§ Exercise prompt
Look below for the line with "- set van 2" and the line with "BROWN PU Leather Cotton Road Sling Bag"; repeat exactly those two lines and all lines between them, but no pictures.

§ Stored data

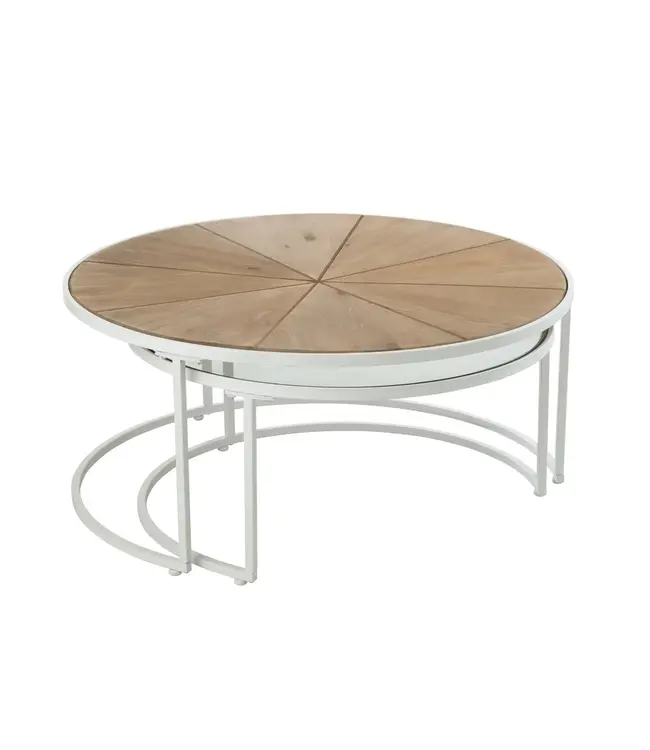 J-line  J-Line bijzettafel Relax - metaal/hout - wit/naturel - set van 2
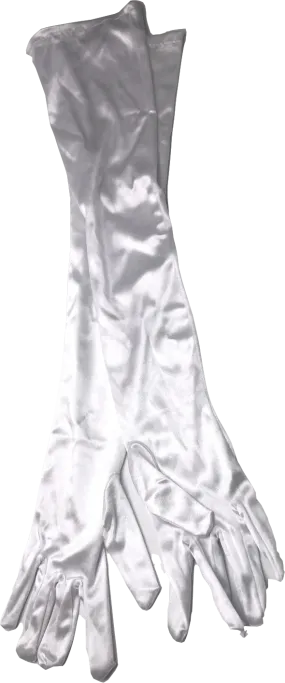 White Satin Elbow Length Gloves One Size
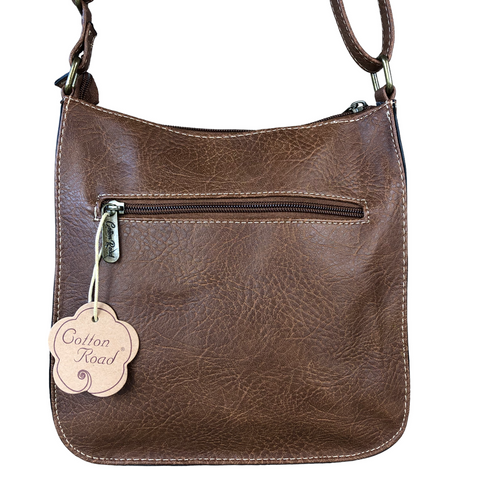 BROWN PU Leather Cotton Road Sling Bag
==
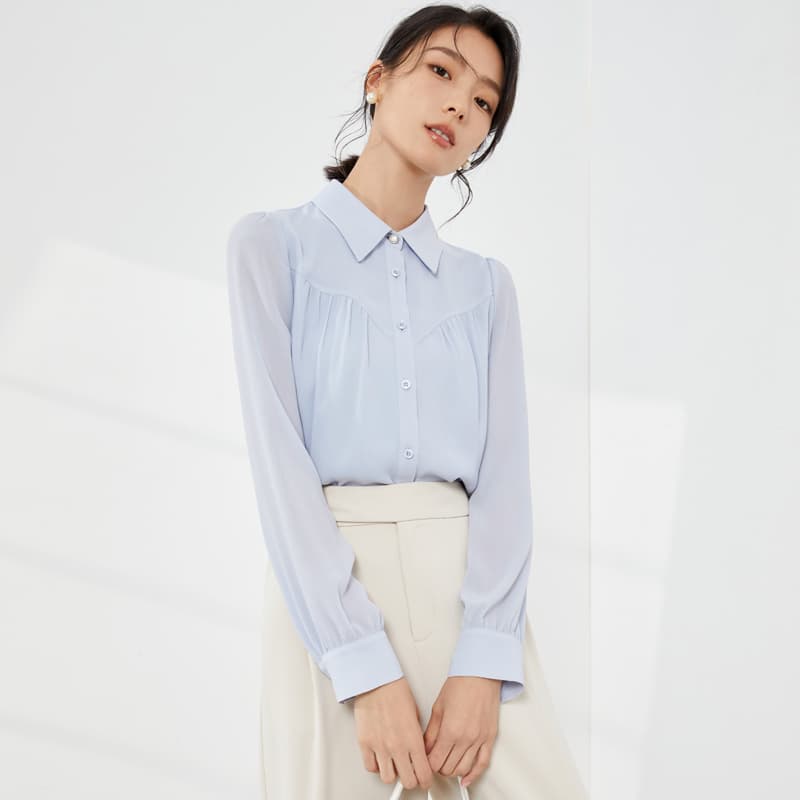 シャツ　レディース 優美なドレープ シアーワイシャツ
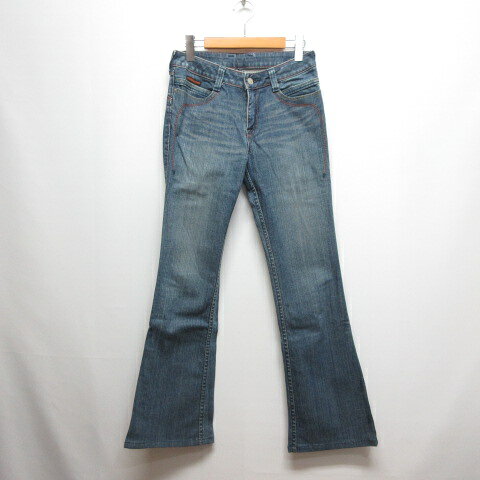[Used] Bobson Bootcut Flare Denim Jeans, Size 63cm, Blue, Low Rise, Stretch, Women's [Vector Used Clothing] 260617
---
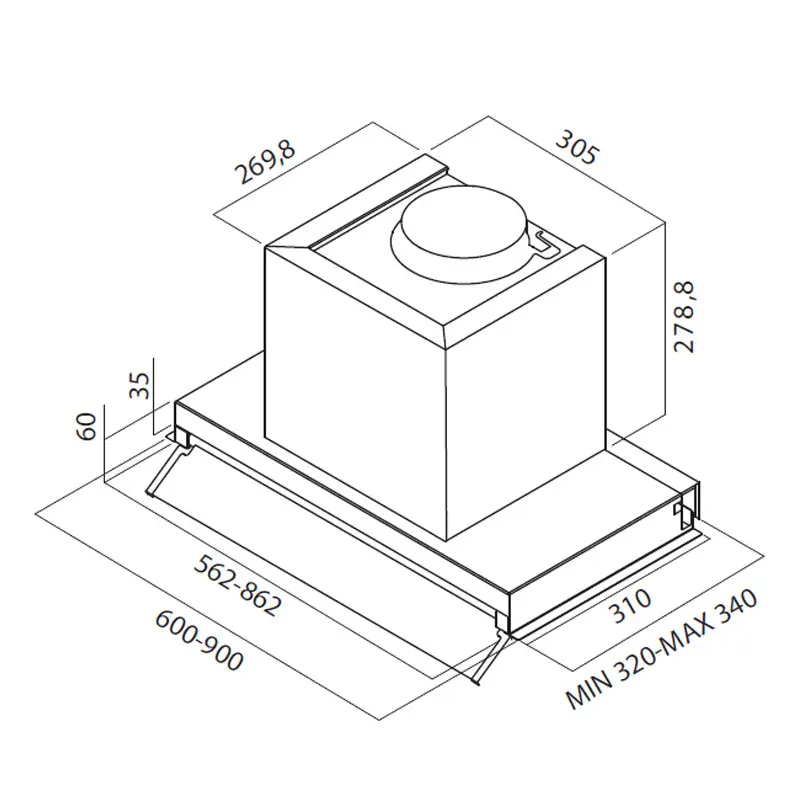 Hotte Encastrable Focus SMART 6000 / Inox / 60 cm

§ Output of the task
 J-line  J-Line bijzettafel Relax - metaal/hout - wit/naturel - set van 2
 White Satin Elbow Length Gloves One Size
 BROWN PU Leather Cotton Road Sling Bag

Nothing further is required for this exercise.